Saturday, April 8, 2017

Rebuilding Native Nations: The Casino

Chapter 8 of Rebuilding Native Nations deals largely with tribal relationships with privately owned businesses. I was somewhat surprised at the positive attitudes the authors had towards private businesses within a group where the government struggled so much financially and with its own enterprises. I really liked the point that this reading made that there needs to be a complete mindset shift within tribes. Tribal governments shouldn’t see private businesses simply as competitors to their own enterprises; rather, they should see private businesses as their own people working to the same goal: economic growth for the tribe. 

This sentiment reminded me of tribally owned casinos.

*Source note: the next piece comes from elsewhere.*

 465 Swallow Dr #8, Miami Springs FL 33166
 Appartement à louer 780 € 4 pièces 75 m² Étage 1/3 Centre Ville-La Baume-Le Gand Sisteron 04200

I know there have been many stereotypes & some controversy at least within the ranks of non-native Americans to emerge from the prevalence of tribally owned casinos, but I wondered about attitudes within tribes towards these casinos, specifically whether tribal governments and their citizens shared positive opinions. I know from Maggie’s presentation that for the Tohono O’odham specifically, casino owners are among the largest contributors to their community college (TOCC). 

Clearly, tribally owned casinos tend to do well financially and from the TOCC example, they can positively impact their communities, but I wonder about how increased opportunities for gambling could impact the group, and what the economic costs could be for the tribe at large.

1 comment:

  1. Good questions. There is a growing literature on the impacts, positive and negative, of tribal casinos. I recommend starting with the article by Randy Akee,Jonathon Taylor and Katherine Spilde, "The Indian Gaming Regulatory Act and Its Effects on American Indian Economic Development", Journal of Economic perspectives. 2015.

    The Journal of Economic Perspectives, often called JEP, is a great source in general for broad overviews of particular economic research topics. The articles tend to be less technical, written to be accessible to non economists with minimal econometric jargon.